:: Directions for this task ::
Only the lines from the one bearing "Filippo De Laurentiis" through the end of the listing belong in your response, restated word for word and without pictures.

:: Available data ::
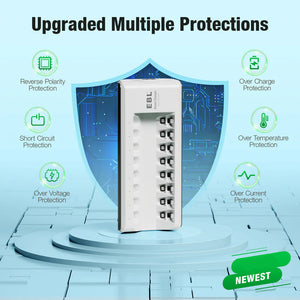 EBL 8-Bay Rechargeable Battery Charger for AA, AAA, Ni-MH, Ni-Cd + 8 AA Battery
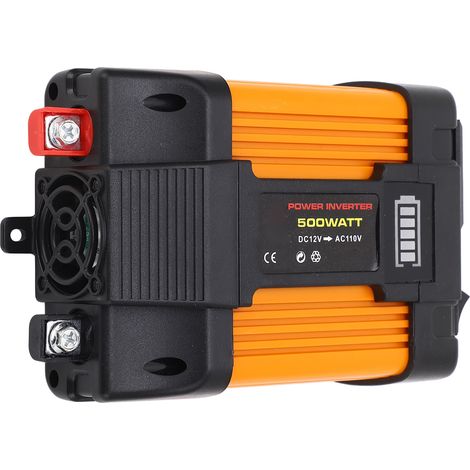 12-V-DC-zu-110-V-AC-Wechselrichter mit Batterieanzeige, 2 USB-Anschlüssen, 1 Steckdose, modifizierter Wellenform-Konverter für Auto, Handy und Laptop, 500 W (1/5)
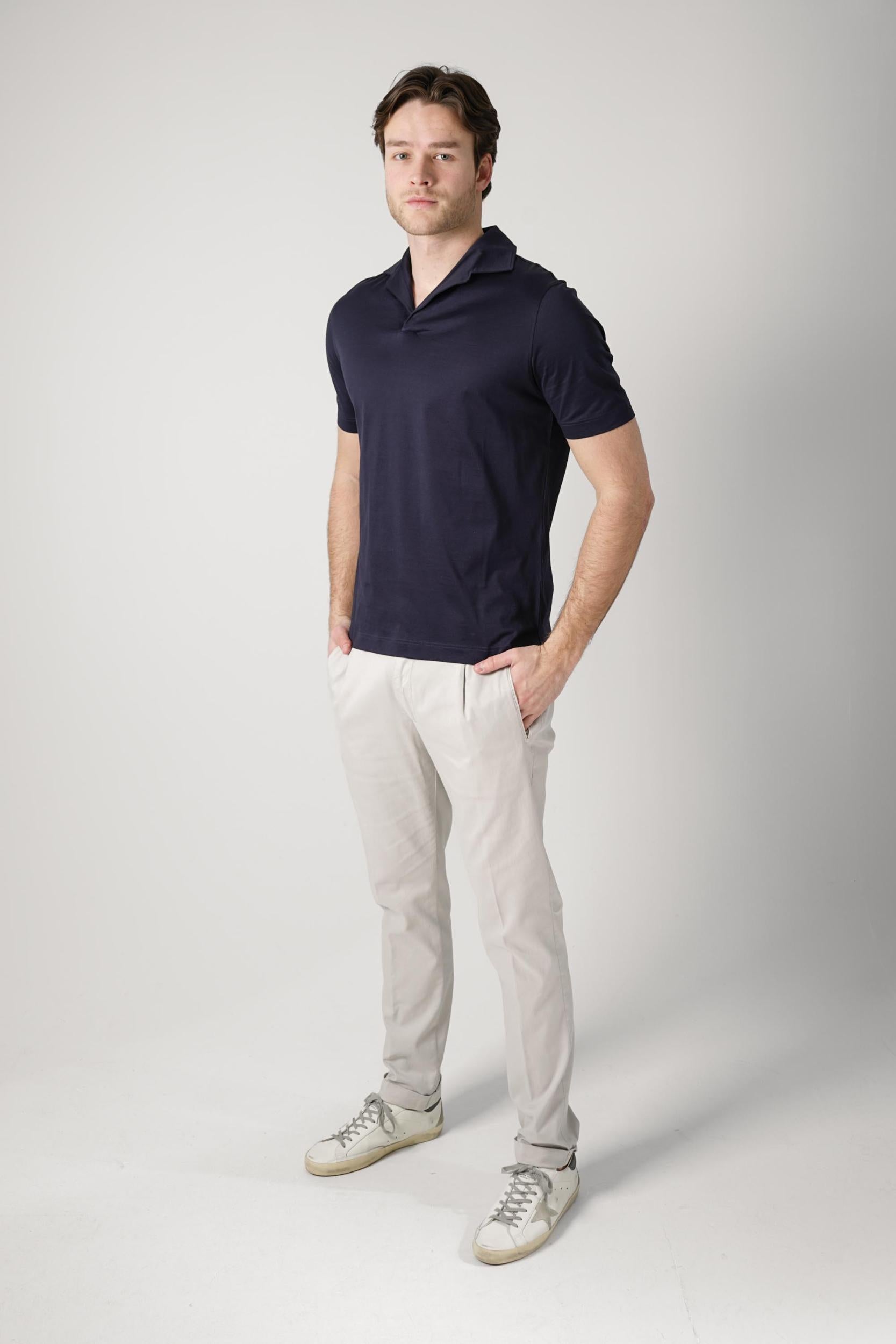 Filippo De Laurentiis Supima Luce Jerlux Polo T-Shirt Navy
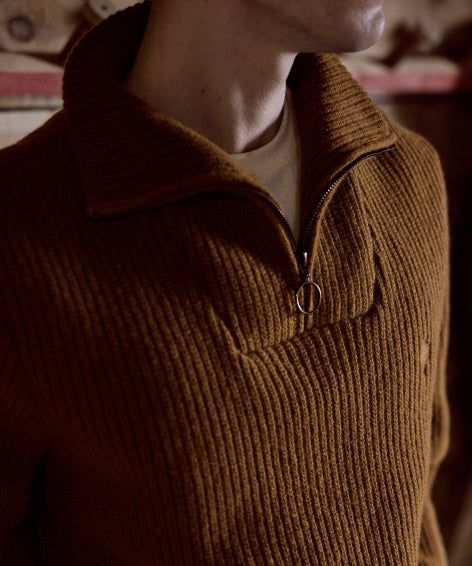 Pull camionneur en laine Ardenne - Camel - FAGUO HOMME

:: Task response ::
 Filippo De Laurentiis Supima Luce Jerlux Polo T-Shirt Navy
 Pull camionneur en laine Ardenne - Camel - FAGUO HOMME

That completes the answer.